SG: Growing up as a girl in India, I didn’t consciously think much about sexism, misogyny, and patriarchy. I knew it existed and it was very much a part of the fabric of my daily living, in the way that I entered a crowded bus, learning to elbow the men who would try to press their bodies against me, or the way I ignored a man whistling while walking the streets. These kind of survival skills became intrinsic to who I was. The same goes for being brown-skinned and a lesbian living in the United States. I know when I am being treated differently than my straight white male neighbor on the same flight as me, or the same profession as me. And I have learned to navigate my life in ways knowing that I have to work harder to earn the same level of success as others. I know firsthand how even calling attention to discrimination is dismissed as “imagined” and “perceived” discrimination. However, the evidence is out there. It’s in the form of statistical data that shows what men versus women in the academe earn. So when it becomes a part of one’s daily existence, every day is a form of resistance, though I don’t consciously think about it. It’s like entering that bus and knowing intrinsically what one has to do to protect one’s self.

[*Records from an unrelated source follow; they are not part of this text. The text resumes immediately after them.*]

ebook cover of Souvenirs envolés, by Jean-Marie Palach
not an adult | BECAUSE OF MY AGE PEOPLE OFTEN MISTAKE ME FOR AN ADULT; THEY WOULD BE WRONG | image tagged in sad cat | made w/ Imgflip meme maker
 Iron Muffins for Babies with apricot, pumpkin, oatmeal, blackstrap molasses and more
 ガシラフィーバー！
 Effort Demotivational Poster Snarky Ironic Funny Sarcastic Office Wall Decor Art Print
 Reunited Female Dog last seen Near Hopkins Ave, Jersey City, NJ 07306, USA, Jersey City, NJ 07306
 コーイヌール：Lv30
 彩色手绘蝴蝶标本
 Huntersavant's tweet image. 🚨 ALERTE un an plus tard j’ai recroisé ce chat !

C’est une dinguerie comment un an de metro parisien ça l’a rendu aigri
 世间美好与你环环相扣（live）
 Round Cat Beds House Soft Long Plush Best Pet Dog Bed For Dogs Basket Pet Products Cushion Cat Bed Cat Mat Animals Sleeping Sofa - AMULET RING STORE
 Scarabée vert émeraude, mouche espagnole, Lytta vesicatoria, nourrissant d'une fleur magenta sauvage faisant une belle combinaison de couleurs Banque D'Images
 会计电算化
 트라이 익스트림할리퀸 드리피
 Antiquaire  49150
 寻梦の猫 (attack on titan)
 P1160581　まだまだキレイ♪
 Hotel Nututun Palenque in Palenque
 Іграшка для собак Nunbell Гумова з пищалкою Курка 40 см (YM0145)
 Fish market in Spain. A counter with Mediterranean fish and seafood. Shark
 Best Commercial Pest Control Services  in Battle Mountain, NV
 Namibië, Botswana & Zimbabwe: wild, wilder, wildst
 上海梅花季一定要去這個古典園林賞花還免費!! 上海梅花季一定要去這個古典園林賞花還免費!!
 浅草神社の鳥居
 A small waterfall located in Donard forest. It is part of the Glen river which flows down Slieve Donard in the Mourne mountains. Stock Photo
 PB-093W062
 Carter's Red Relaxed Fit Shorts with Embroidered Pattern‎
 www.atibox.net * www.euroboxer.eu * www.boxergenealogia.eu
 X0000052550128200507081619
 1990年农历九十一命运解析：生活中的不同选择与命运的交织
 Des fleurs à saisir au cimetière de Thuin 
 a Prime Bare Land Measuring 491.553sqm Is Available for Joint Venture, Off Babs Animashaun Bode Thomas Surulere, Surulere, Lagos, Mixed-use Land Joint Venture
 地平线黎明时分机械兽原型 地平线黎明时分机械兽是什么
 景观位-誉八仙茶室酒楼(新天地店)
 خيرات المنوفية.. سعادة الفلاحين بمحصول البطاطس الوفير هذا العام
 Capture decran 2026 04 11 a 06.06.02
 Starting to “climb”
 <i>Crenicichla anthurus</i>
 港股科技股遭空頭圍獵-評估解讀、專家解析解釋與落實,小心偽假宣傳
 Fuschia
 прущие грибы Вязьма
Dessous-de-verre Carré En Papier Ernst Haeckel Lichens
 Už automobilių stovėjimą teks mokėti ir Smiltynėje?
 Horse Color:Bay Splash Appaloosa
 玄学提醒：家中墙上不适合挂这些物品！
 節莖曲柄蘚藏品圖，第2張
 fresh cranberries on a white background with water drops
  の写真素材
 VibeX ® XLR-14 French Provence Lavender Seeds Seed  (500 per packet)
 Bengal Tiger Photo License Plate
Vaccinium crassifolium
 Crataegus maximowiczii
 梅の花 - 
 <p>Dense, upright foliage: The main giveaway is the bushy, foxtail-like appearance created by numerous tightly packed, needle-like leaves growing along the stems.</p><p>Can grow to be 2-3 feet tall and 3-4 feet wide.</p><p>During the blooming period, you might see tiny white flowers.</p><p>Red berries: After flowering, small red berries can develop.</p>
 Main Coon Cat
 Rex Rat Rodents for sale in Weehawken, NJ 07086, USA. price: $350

JTD: In addition to your work as a filmmaker, you are also a Professor at Virginia Commonwealth University's in the Department of Photography & Film. What advice would you give to younger artists or those just embarking on a creative path?
SG: I often ask my students to answer the same questions I ask of myself when I start a film project: Why am I making this film? Why does this film need to be made? I encourage younger artists to think critically about the kind of stories we see/hear in mass media, to tell their own personal stories, to question the choices they make when they create fictional characters, and last but not least, to find a supportive community of like-minded people who will help them find fulfilment in what they do. I share lessons I have learned from my own life experience and invite other young artists (alums) who have been down that same path before, to help guide and shed light.
JTD: What are you currently working on? What’s on the horizon for you as an artist?
SG: I am currently working on a project that started out as a documentary film project, and transitioned into a feature-length narrative fiction screenplay, and is now growing into a web-series. It’s a new area for me and so there is a lot of learning, exploring, and experimenting. I’m really excited about it. It’s just as thrilling as starting out a new semester of teaching and learning.